WHAT IS REQUIRED –
All entries below are to be written out again exactly, but no picture is to be copied.

----- LISTED RECORDS -----

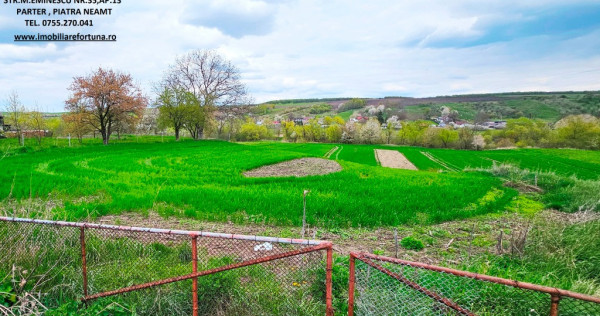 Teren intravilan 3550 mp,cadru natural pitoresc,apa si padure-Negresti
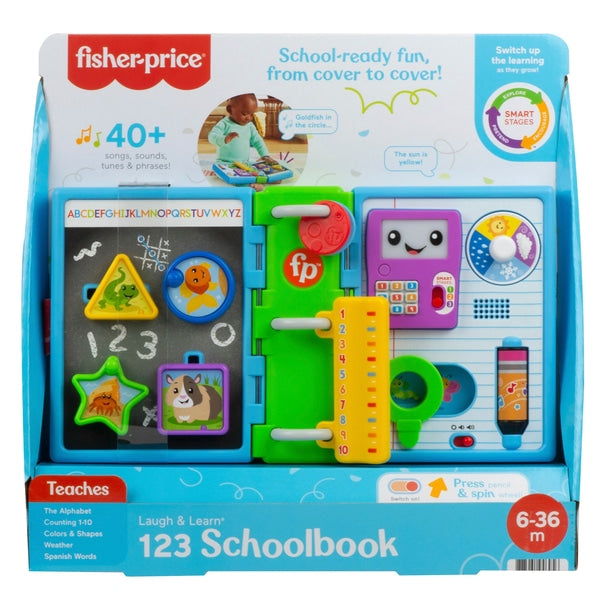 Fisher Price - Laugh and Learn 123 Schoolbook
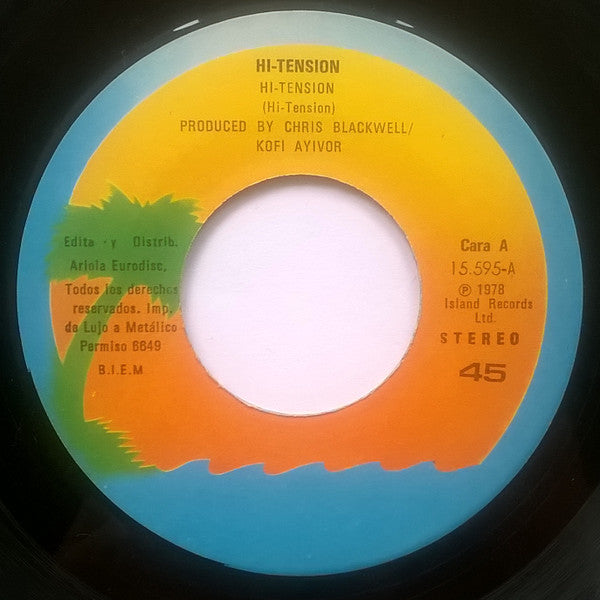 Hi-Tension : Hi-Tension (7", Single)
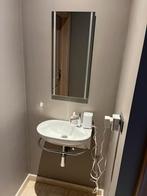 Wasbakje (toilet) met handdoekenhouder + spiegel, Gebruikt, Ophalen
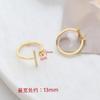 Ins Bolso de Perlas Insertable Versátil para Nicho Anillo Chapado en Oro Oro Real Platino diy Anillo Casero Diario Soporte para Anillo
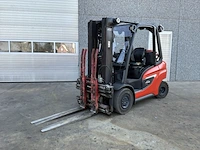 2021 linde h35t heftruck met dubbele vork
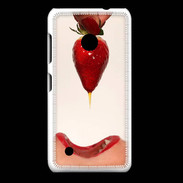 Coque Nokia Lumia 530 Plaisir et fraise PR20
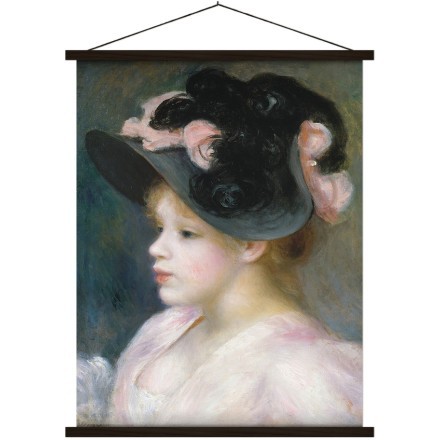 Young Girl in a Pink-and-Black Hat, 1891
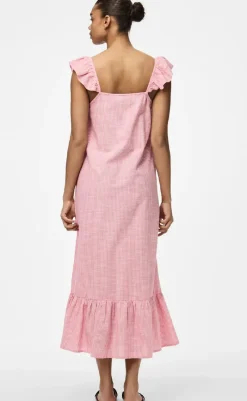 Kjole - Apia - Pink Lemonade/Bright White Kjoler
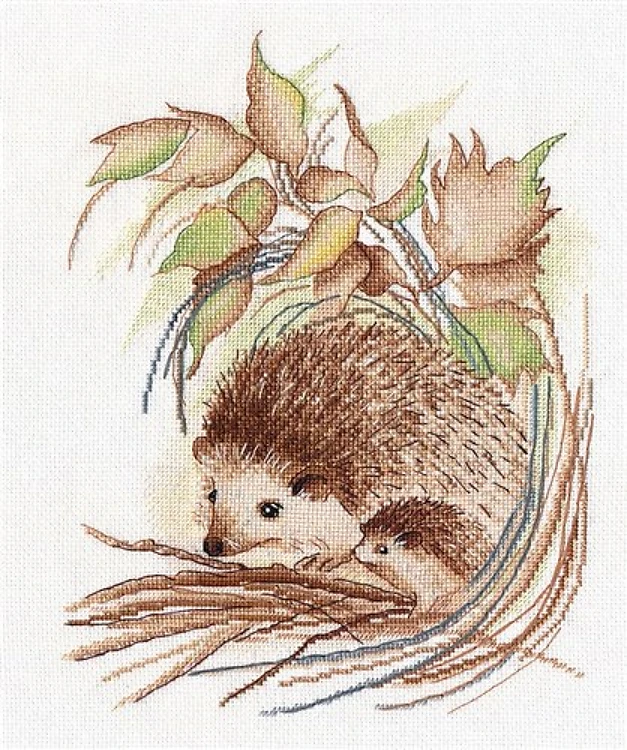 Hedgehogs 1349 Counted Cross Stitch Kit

-----

RESPONSE AREA –
 Teren intravilan 3550 mp,cadru natural pitoresc,apa si padure-Negresti
 Fisher Price - Laugh and Learn 123 Schoolbook
 Hi-Tension : Hi-Tension (7", Single)
 Wasbakje (toilet) met handdoekenhouder + spiegel, Gebruikt, Ophalen
 Ins Bolso de Perlas Insertable Versátil para Nicho Anillo Chapado en Oro Oro Real Platino diy Anillo Casero Diario Soporte para Anillo
 2021 linde h35t heftruck met dubbele vork
 Coque Nokia Lumia 530 Plaisir et fraise PR20
 Young Girl in a Pink-and-Black Hat, 1891
 Kjole - Apia - Pink Lemonade/Bright White Kjoler
 Hedgehogs 1349 Counted Cross Stitch Kit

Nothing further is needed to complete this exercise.